У Чифан вздохнул. Основатель династии Цинь на склоне лет поддался посулам мошенников, искал обещанную ими пилюлю бессмертия, попутно устроив ужасное «сожжение книг и погребение книжников», и скончался, отведав очередного «чудодейственного» снадобья. Принцу предстоит узнать и об этом тоже, но едва ли услышанное ему понравится.
Учитель исподволь всматривался в высокородного ученика: император Шихуанди начал строить легендарную гробницу(1) в тринадцать лет, затем были дворцы, каналы, укрепление и утверждение мудрой власти… У принца Аюширидары впереди еще три года, но задатков величия в нем не видно, и ничто не намекает на их возможное появление. Обычный мальчишка: непоседливый, в меру смышленый. Скорее всего, из него получится вполне заурядный император — из тех, о ком мало что можно сказать кроме дат рождения, правления и кончины.
Тем временем ученик, пользуясь задумчивостью учителя, старательно подрисовывал ослиные уши и бычьи рога к изображениям мудрецов, простолюдинов и добродетельных жен в книге, которую штудировал уже почти год. Спохватившись, учитель строго выговорил безобразнику, пообещал пожаловаться ее императорскому величеству (такие угрозы обычно действовали сильнее, чем обещание доложить обо всем его императорскому величеству) и в наказание велел в дополнение к обычному заданию изложить в письменном виде толкование фразы Кун-цзы «Не беспокойся о том, что люди тебя не знают, а беспокойся о том, что ты не знаешь людей».
Надувшийся Аюширидара в сопровождении евнухов и телохранителей отбыл в свои покои.
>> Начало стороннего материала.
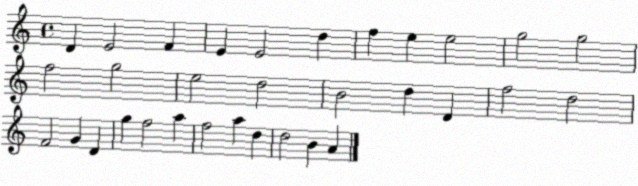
X:1
T:Untitled
M:4/4
L:1/4
K:C
D E2 F E E2 d f e e2 g2 g2 f2 g2 e2 d2 B2 d D f2 d2 F2 G D g f2 a f2 a d d2 B A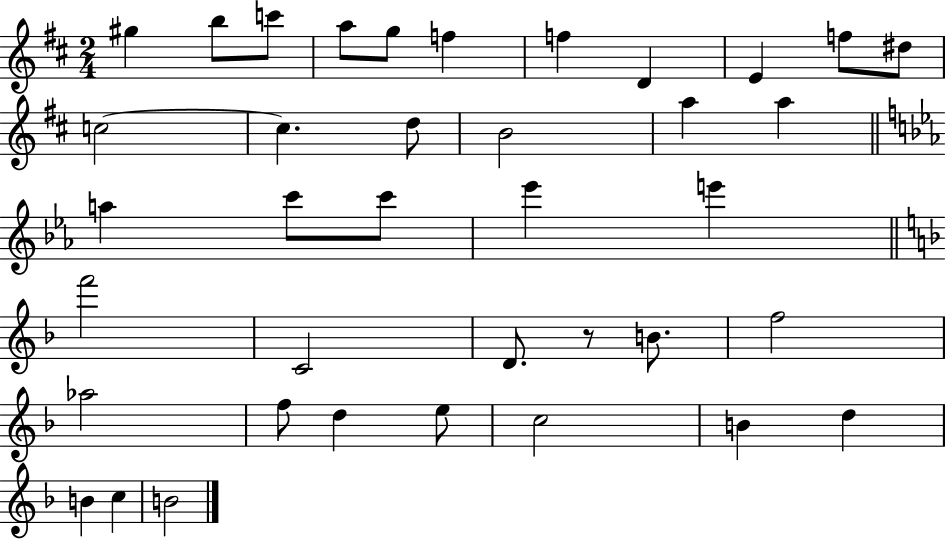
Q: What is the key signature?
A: D major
У Чифан остался один в просторном светлом павильоне, выстроенном по особому указу императора для обучения наследника. Нефрит и золото отделки, сандал колонн, прихотливая роспись ширм. Учитель предпочел бы другой зал — поскромнее, и чтобы за окном пенилась розовым цветущая вишня, и за столами сидели другие ученики, и сам он был бы другим — на пятнадцать лет моложе…
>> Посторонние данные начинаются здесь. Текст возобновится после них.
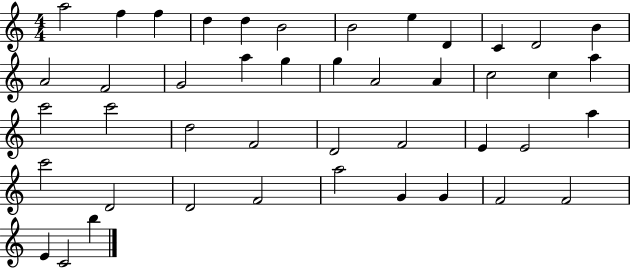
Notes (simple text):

A5/h F5/q F5/q D5/q D5/q B4/h B4/h E5/q D4/q C4/q D4/h B4/q A4/h F4/h G4/h A5/q G5/q G5/q A4/h A4/q C5/h C5/q A5/q C6/h C6/h D5/h F4/h D4/h F4/h E4/q E4/h A5/q C6/h D4/h D4/h F4/h A5/h G4/q G4/q F4/h F4/h E4/q C4/h B5/q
Как же по-разному сложилась судьба семерых подростков! Трое уже мертвы, один, самый усердный, — ныне почтенный глава семейства, едва ли помнящий хоть что-то из наук. Еще двое мелькают при дворе: один дельный, другой хитрый… И, наконец, он. Любимый ученик. Лучший из всех, что были. Гордость учителя. И неизбывная его тревога.
Заломило правое колено. У Чифан опустился на скамью, принялся, морщась, массировать сустав. Когда-то ему сильно досталось от острого скального выступа, на который упал беглый наставник одной императорской невесты. Спустя сорок лет боль вернулась, и спасение от нее было одно — горячие источники далеко в горах. Позже У-цзы доложили: пока он отсутствовал, в академию явился порученец канцлера с требованием немедленной встречи с ученым. Узнав, что тот на лечении и вернется не раньше чем через месяц, распорядился немедленно известить о возвращении. Потом заглядывал в академию еще трижды, не слишком доверяя чиновничьему усердию.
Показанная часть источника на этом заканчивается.